⟨
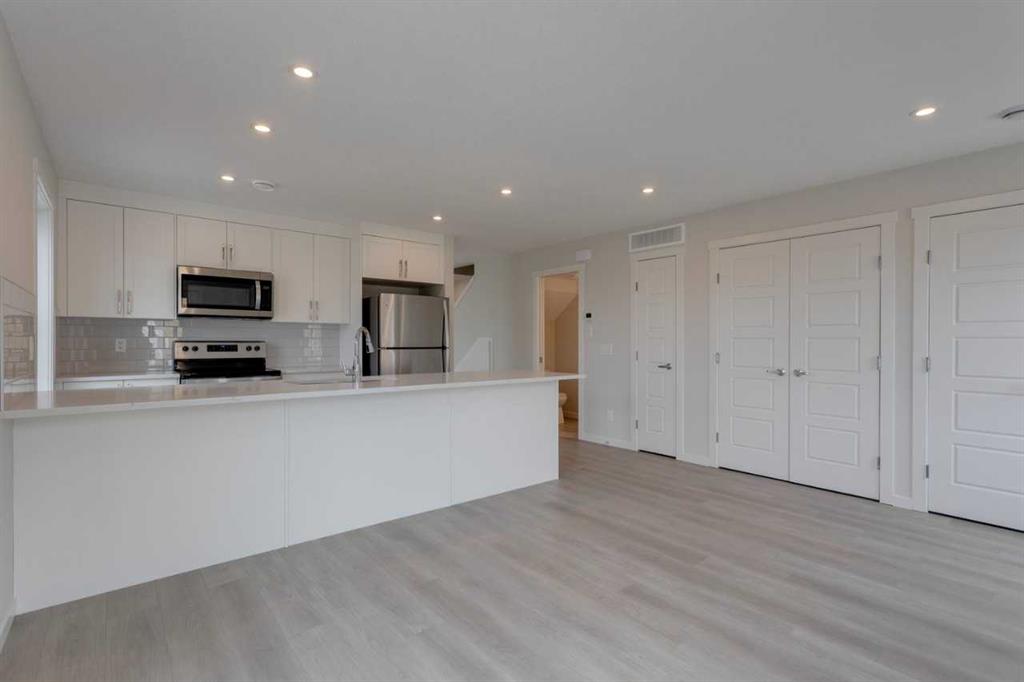 Picture for 202, 40 Livingston Parade NE
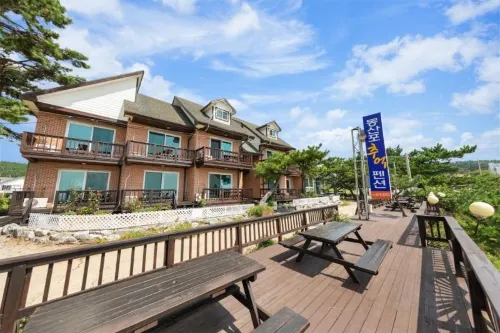 Taean Mongsanpo Memory Pension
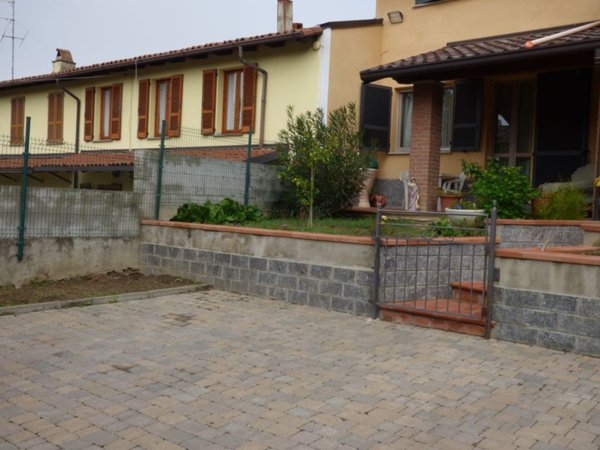 casa indipendente in vendita a Stradella in zona Santa Maria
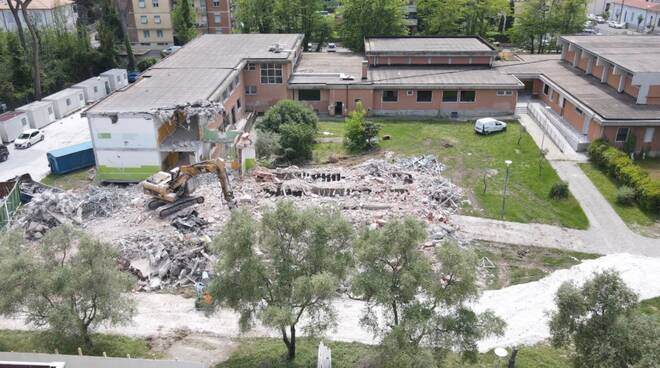 demolizione scuola taliercio (foto: fb sindaca arrighi) 05-2024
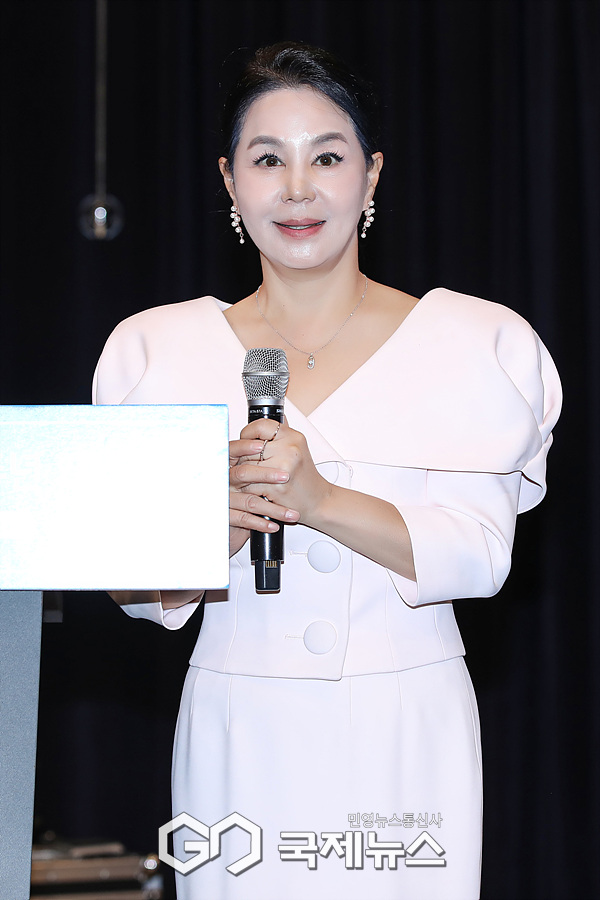 [GJ포토] 개그우먼 정은숙, '똑 부러지는 진행 능력'
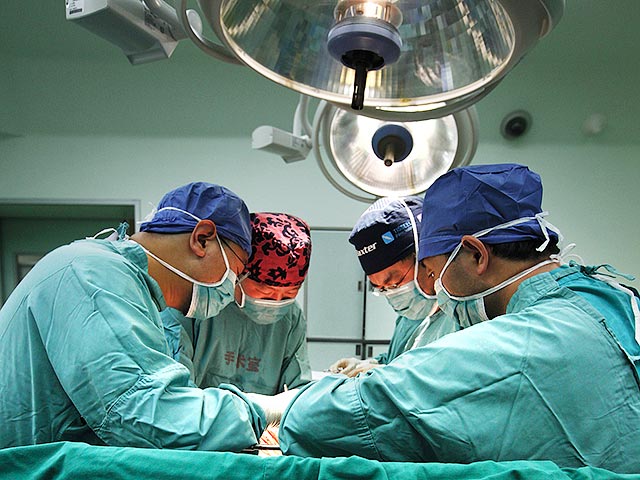 Китайский врач присоединился к команде, которая планирует операцию по пересадке головы россиянину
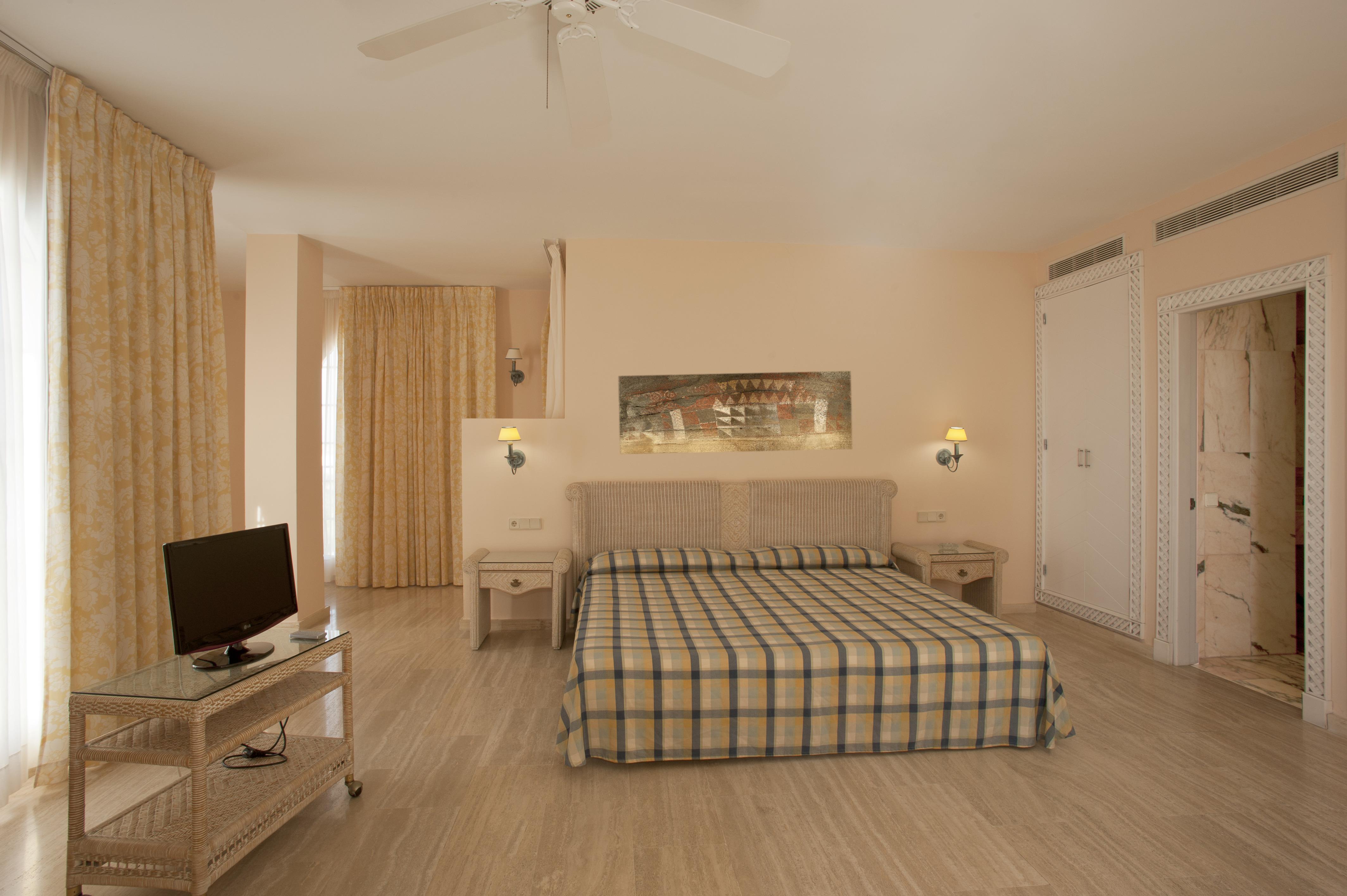 Palm Oasis Hotel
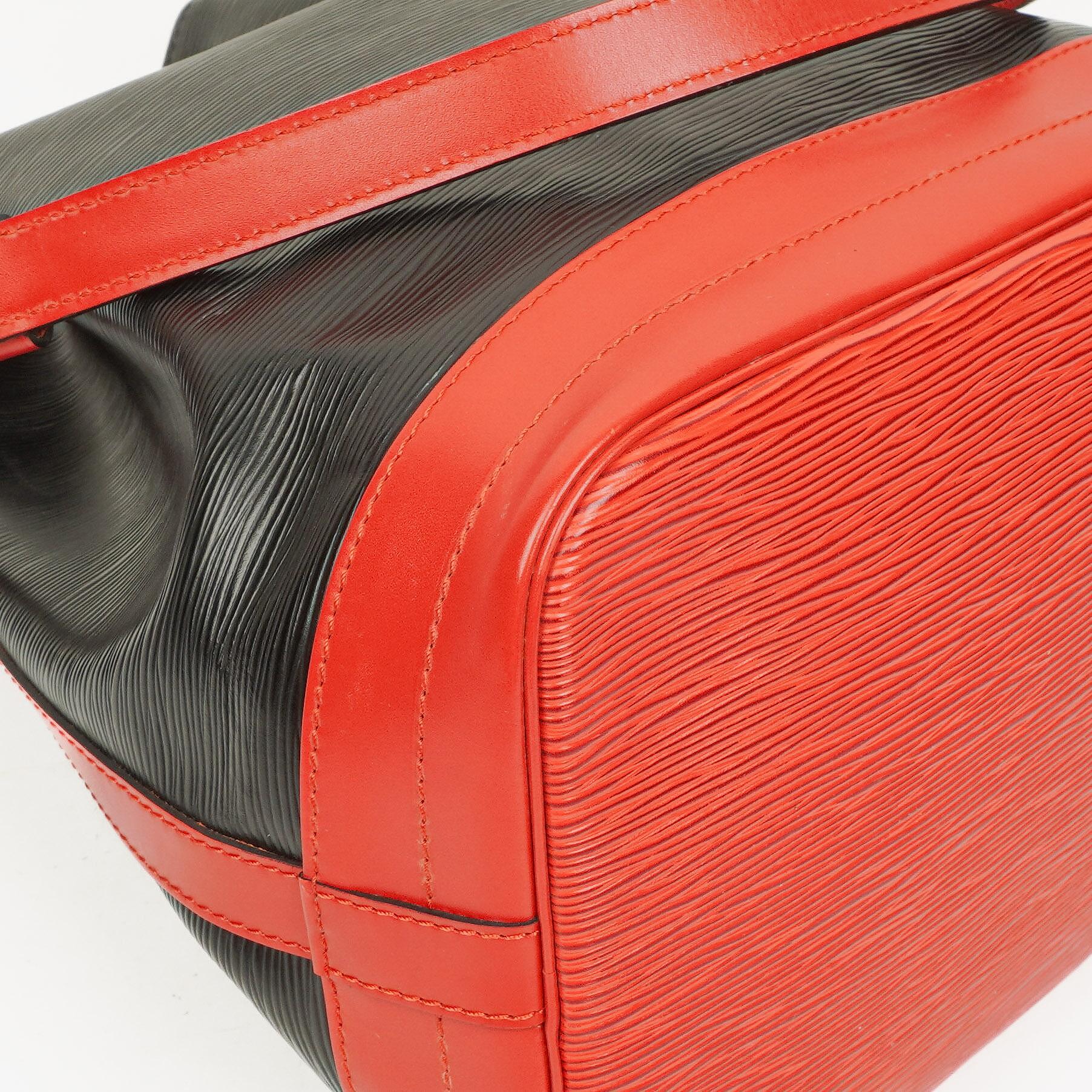 Louis Vuitton Noé Grande GM Schultertasche aus Epi-Leder in Schwarz und Rot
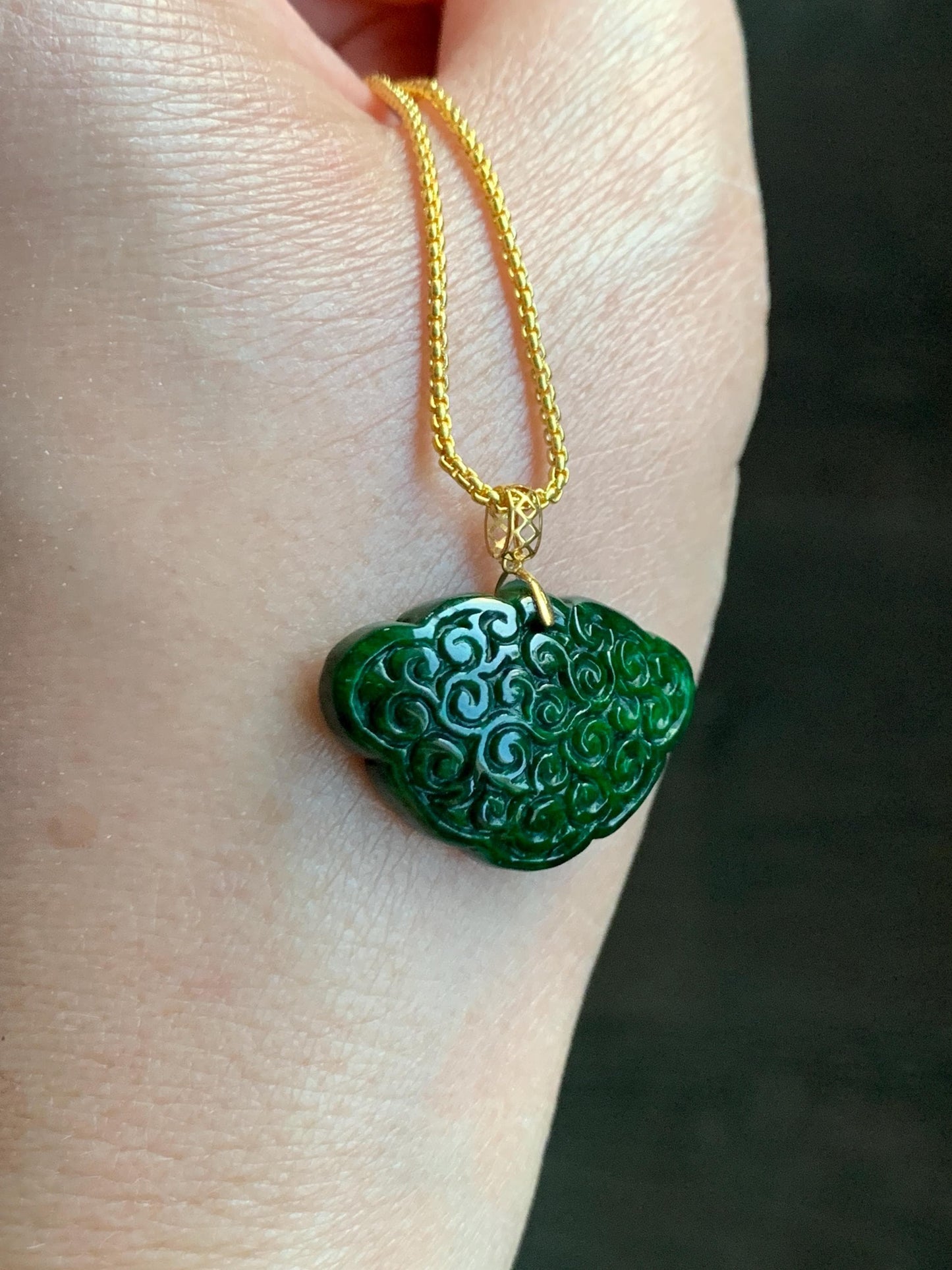 Natural Grade A Intense Green Jade Jadeite Engraved Ruyi Lock Pendant 18K Yellow Gold 5g 天然满绿花青翡翠仿古雕如意锁吊坠 HQR480
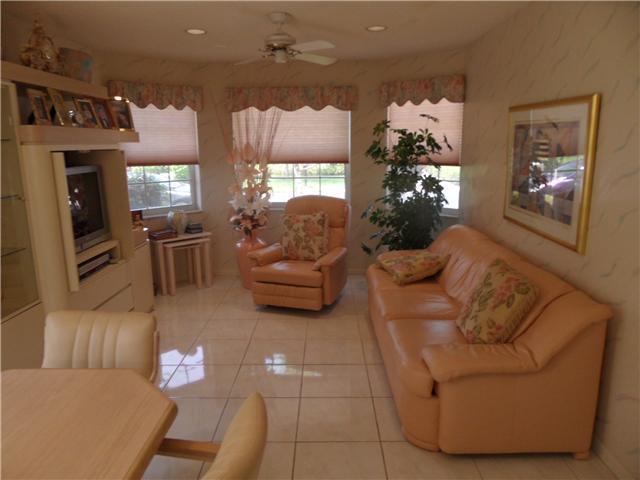 7912 Lake Sands Drive, Delray Beach, FL 33446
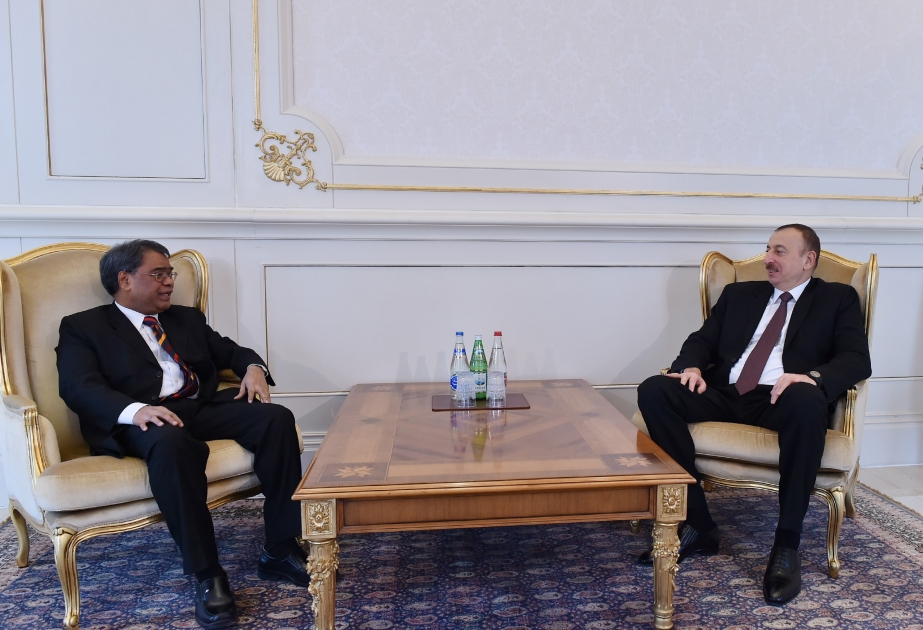 President Ilham Aliyev received the outgoing Indian Ambassador VIDEO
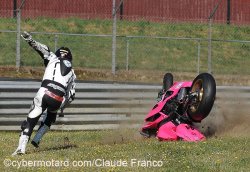 Lucas Mahias danse avec sa moto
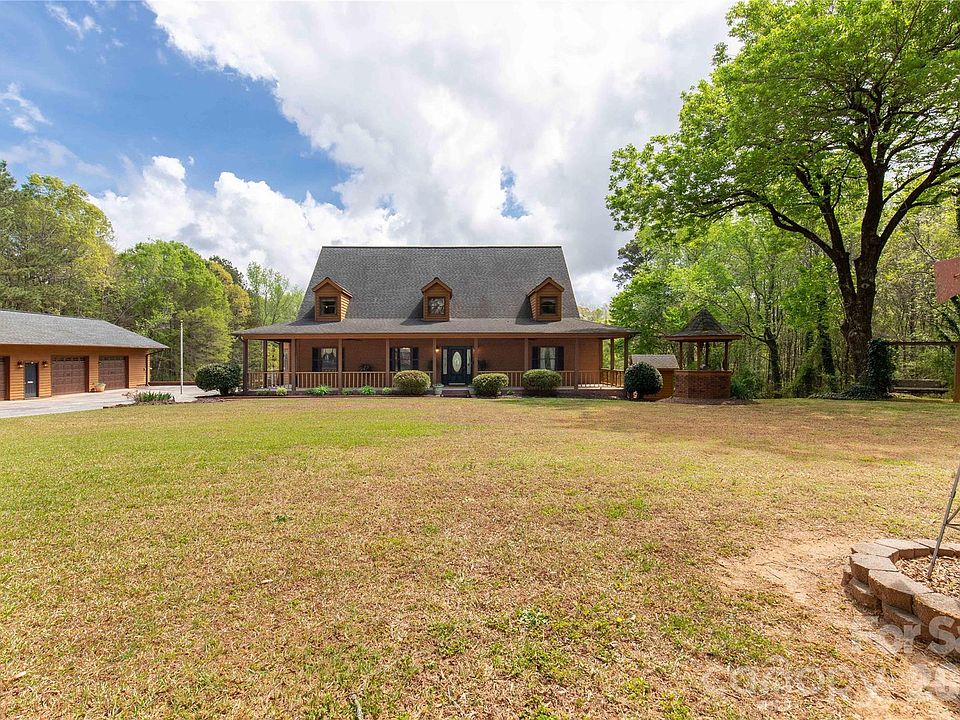1st image of 529 Langley Rd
⟩
§ TASK PROMPT
Leaving the pictures aside, write out only the lines from the one containing "casa indipendente in" through the end of the material, exactly as they stand.

§ RESPONSE TO THE TASK
 casa indipendente in vendita a Stradella in zona Santa Maria
 demolizione scuola taliercio (foto: fb sindaca arrighi) 05-2024
 [GJ포토] 개그우먼 정은숙, '똑 부러지는 진행 능력'
 Китайский врач присоединился к команде, которая планирует операцию по пересадке головы россиянину
 Palm Oasis Hotel
 Louis Vuitton Noé Grande GM Schultertasche aus Epi-Leder in Schwarz und Rot
 Natural Grade A Intense Green Jade Jadeite Engraved Ruyi Lock Pendant 18K Yellow Gold 5g 天然满绿花青翡翠仿古雕如意锁吊坠 HQR480
 7912 Lake Sands Drive, Delray Beach, FL 33446
 President Ilham Aliyev received the outgoing Indian Ambassador VIDEO
 Lucas Mahias danse avec sa moto
1st image of 529 Langley Rd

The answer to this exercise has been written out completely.